Foram cumpridas 25 ordens judiciais em Osório, Tramandaí, Imbé, Cidreira, Balneário Pinhal, Capão da Canoa, Torres e Porto Alegre. Foto : Polícia Civil / CP

Cerca de 200 policiais civis e militaras apreenderam mais de 40 quilos de entorpecentes na Operação Verão Sem Drogas, deflagrada nesta quarta-feira em Porto Alegre, Osório, Tramandaí, Imbé, Cidreira, Balneário Pinhal, Capão da Canoa e Torres. Além do tráfico, a ação também atingiu o comércio ilegal de armas, recolhendo carabinas, revólveres e pistolas. Três suspeitos foram presos.

A ofensiva integrada somou os efetivos do Departamento Estadual de Investigações do Narcotráfico (Denarc), Departamento de Polícia do Interior (DPI) e Comando Regional de Polícia Militar (CRPM) Litoral, através dos 8º BPM e 42º BPM. Foram cumpridas 25 ordens judiciais.

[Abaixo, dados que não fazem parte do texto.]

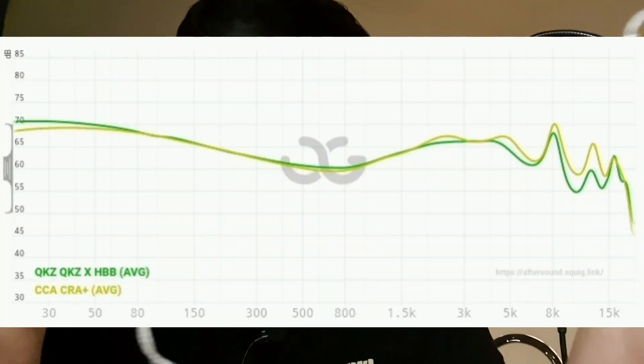Compared to the CCA CRA+, which is one of my favorite IEMs at this price point, the CCA CRA+ is more V-shaped and more fun in terms of treble — especially treble extension and treble quantity, which are more noticeable. The bass is a little bit tighter, but the vocal is not as thick as the KZ HBB. Personally, as someone who is a little more treble-head than bass-head, I enjoy the CCA CRA+ a bit more, especially for classical music and orchestra. But for pop or EDM, a lot of people will definitely choose the KZ HBB.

De acordo com o delegado titular da 2ª Delegacia de Investigação do Narcotráfico (DIN), Wesley Lopes, a operação teve caráter repressivo, contra facções. “Essa iniciativa teve o objetivo de coibir a criminalidade em locais onde, devido ao veraneio, há maior circulação de pessoas e demanda por entorpecentes”, disse.

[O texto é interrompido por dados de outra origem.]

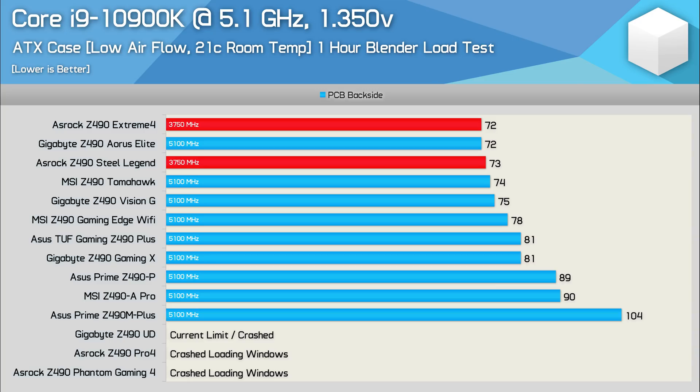For the most stressful test, the Core i9-10900K was overclocked to 5.1GHz using 1.35V. Again the ASRock Z490 Extreme 4 and Steel Legend couldn't hold the overclock, beginning to downclock within five minutes and mostly sitting at the 3.7GHz base clock by the 20-minute mark — another fail. The outright best result came from the Gigabyte Z490 Aorus Elite, peaking at just 72 degrees — impressive given the load. The MSI Z490 Tomahawk was equally impressive at 74 degrees, as was the Vision G. Interestingly, the Vision G ran 3 degrees hotter than the Aorus Elite despite what should be better heatsinks — that plastic cover clearly wasn't helping.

A iniciativa é resultado de trabalho conjunto das instituições, desenvolvido a partir da intensificação da criminalidade típica do período de veraneio, caracterizado por expressivo aumento populacional sazonal, maior circulação de pessoas e ampliação da demanda por entorpecentes. O planejamento operacional previu o cumprimento de mandados de busca e apreensão, bem como de mandados de prisão de foragidos e de procurados da Justiça.

A Operação Verão Sem Drogas reforça o compromisso das forças de segurança pública com a proteção da sociedade, especialmente durante o período de veraneio.